# Meerkat Manor



## Tulsawatcher (May 26, 2005)

This is a new series that started last night on Animal Planet. That's not a channel I usually check, but an article in our paper yesterday morning caught my interest so I tuned in. Last night's episode was very entertaining, and both kids and adults would enjoy it.

You might want to check it out.


----------



## newswatcher (Apr 9, 2004)

The Meerkat is my favorite little creature. If you're interested, I'd recommend setting up a Wishlist for "meerkat" since there have been several really good Meerkat (different ones) documentaries on APL such as "Meerkats Unleashed" (a 1-hour special and one of my favorites) from 2003 on Wild Kingdom (APL); it repeats quite often.

Here's the official Meerkat site with news if you want to check it out...

http://www.fellowearthlings.org/fenews.html

MEERKAT MOTTO:

Respect the Elders, Teach the Young, Cooperate with the Family,
Play when you can, Work when you should, Rest in between.
Share your Affection, Voice your Feelings, Leave your Mark.
© Fellow Earthlings' Wildlife Center, Inc.

As a teacher, I use the above "motto" a lot with the elementary kids when I introduce them to the Meerkat. Not a bad motto for us human earthlings, as well...


----------



## Grimm1 (Jan 10, 2000)

Tulsawatcher said:


> This is a new series that started last night on Animal Planet. That's not a channel I usually check, but an article in our paper yesterday morning caught my interest so I tuned in. Last night's episode was very entertaining, and both kids and adults would enjoy it.
> 
> You might want to check it out.


Yeah it's a great show...my family loves it.


----------



## MonkeyHouse98 (Jun 24, 2006)

I just watched the first four episodes last night. It's quite entertaining, save their constant repeating of general facts. I must admit that my family is too much like Flower's. Errr, my wife runs things too.


----------



## dirtypacman (Feb 3, 2004)

My sister things this show is great... I find it mildly entertaining.

Some interesting facts and those little critters are pretty dam cute.

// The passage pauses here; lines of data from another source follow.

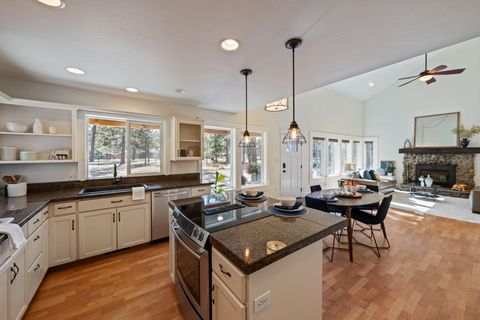 Tiny photo for 69362 Lariat, Sisters, OR 97759 (MLS # 220213271)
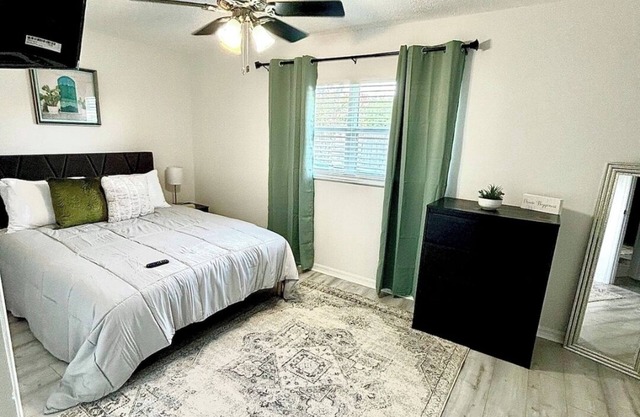 Orlando Airport-5 miles-Charming 2-bedroom, 2 bath-HS Business Internet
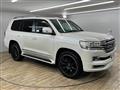 2017 Toyota Land Cruiser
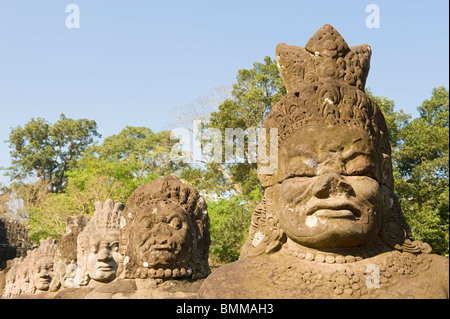 La pietra scolpita warrior dèi che conducono verso la vittoria e la porta di ingresso Sud di Angkor Thom Foto Stock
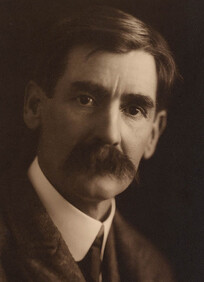 Studio portrait of Henry Lawson, ca. 1915, by May Moore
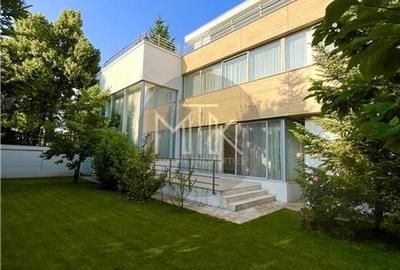 Casă individuală cu 6 camere cu Garaj în Pipera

Heres hoping Shakespeare has a full recovery


----------



## Hawk1 (Sep 8, 2004)

It looks like the upcoming episode, "Boys Will be Boys," doesn't get picked up by the Season Pass. I figure because it's listed with an Original Air Date of 10/10/2005, which must be a guide data mistake.


----------



## andyf (Feb 23, 2000)

Hawk1 said:


> It looks like the upcoming episode, "Boys Will be Boys," doesn't get picked up by the Season Pass. I figure because it's listed with an Original Air Date of 10/10/2005, which must be a guide data mistake.


NICE CATCH!! This is listed as a completely different episode. Presumably with a different ID because View Upcoming in the SP options doesn't show it.

You have to do a Search by Title to find it. The description seems to follow the "Coming Up next week" previews from the last show too.

Thanks


----------



## newsposter (Aug 18, 2002)

dang missed it and just missed the 3pm ep now...will do search by title

thing is..shouldn't it have at least been in history as not recorded because of XYZ? mine isn't..weird

weirder is either hdtivo has different upcoming eps..the one doesn't show the 8pm next friday show...why in the world should 2 different tivos have 2 different guides?


----------



## Grimm1 (Jan 10, 2000)

newsposter said:


> dang missed it and just missed the 3pm ep now...will do search by title
> 
> thing is..shouldn't it have at least been in history as not recorded because of XYZ? mine isn't..weird
> 
> weirder is either hdtivo has different upcoming eps..the one doesn't show the 8pm next friday show...why in the world should 2 different tivos have 2 different guides?


That would only show up if it thought those episodes were part of your SP. Whatever glitch there is in the guide data made this episode look like a differant show to TiVo. This is why when doing a search by name you would come up with two listings for Meerkat Manor...the regular listing that your SP is using and the orphan listing that your SP is not setup for.


----------



## andyf (Feb 23, 2000)

I've changed my SP to a WL. The guide data is just too unreliable for a SP to get this regularly. There are still shows not being picked up by the SP. Some have OADs in 2005, some in 2006.


----------